“Lucifer” actor Lesley-Ann Brandt shares her story of pregnancy, a torn ACL, and challenges in health care.

People have abortions for many reasons. In my case, I simply wasn’t ready. That’s it, and that’s good enough. I didn’t want to be a mother at that moment in my life, so I made a decision that was best for me and my relationship.

I could afford to have that abortion. I also had the means to start my family without skipping a beat in my career. Millions of women do not have those luxuries, with many being forced into a situation they don’t want and are not ready for.


I tore my ACL in early August. It was a clean tear, right at the base. After physiotherapy, MRIs, and doctors’ appointments, I learned that my latest injury was likely directly related to a “bad left hip” that I’ve had since carrying my firstborn. Pregnancy was tough on my body. That “glow” I’d heard about left me pretty soon, and towards the end it was incredibly painful and uncomfortable.

I was almost seven months pregnant towards the end of filming season two of Lucifer, and I was still performing modified stunts with a tight round ligament. I was exhausted and depleted. When I walked my baby would move, hit my sciatic nerve, and cause my left leg to collapse beneath me. I’d grab onto anything and anyone while trying to breathe through it.

Then, eventually, came two days of labor. I was told that I was having one of the hardest types of labor: prodromal labor, where you have all the signs of active labor but with little to no progression. I threw up with every contraction, and with every contraction came the awful back pain.

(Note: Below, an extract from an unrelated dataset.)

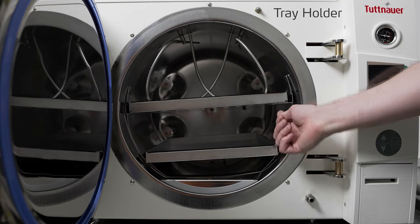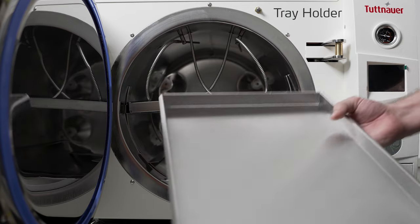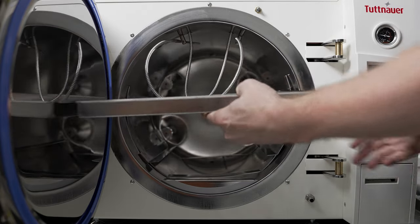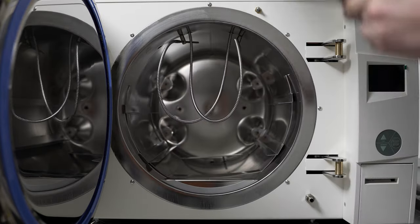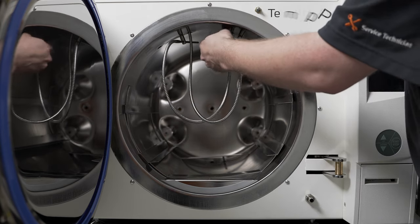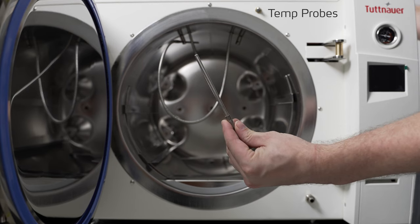Inside of the chamber we have the tray holder as well as the small solid tray and the large perforated tray. Located at the top of the chamber are both of the temperature probes so that you can monitor your sterilization media directly.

I’ll spare you the rest of the details, but I made it out the other side battered and exhausted, but with a healthy baby. I was so happy that I didn’t need a C-section because, as a family, we simply couldn’t have afforded the additional recovery time. I needed to get back to work.

Actors don’t get paid maternity leave. In fact, in our contracts, pregnancy is often treated as a disability. As the main breadwinner in our household at the time, I had no choice but to return to work a mere six weeks after my son was born.

I did have an incredible postpartum doula, a group of fellow mothers I could lean on, and of course, my husband. But I wasn’t coping, I was drowning. My body had barely healed when I was suddenly back to work, breastfeeding through the nights and showing up on set the next morning, often pretending to be fine.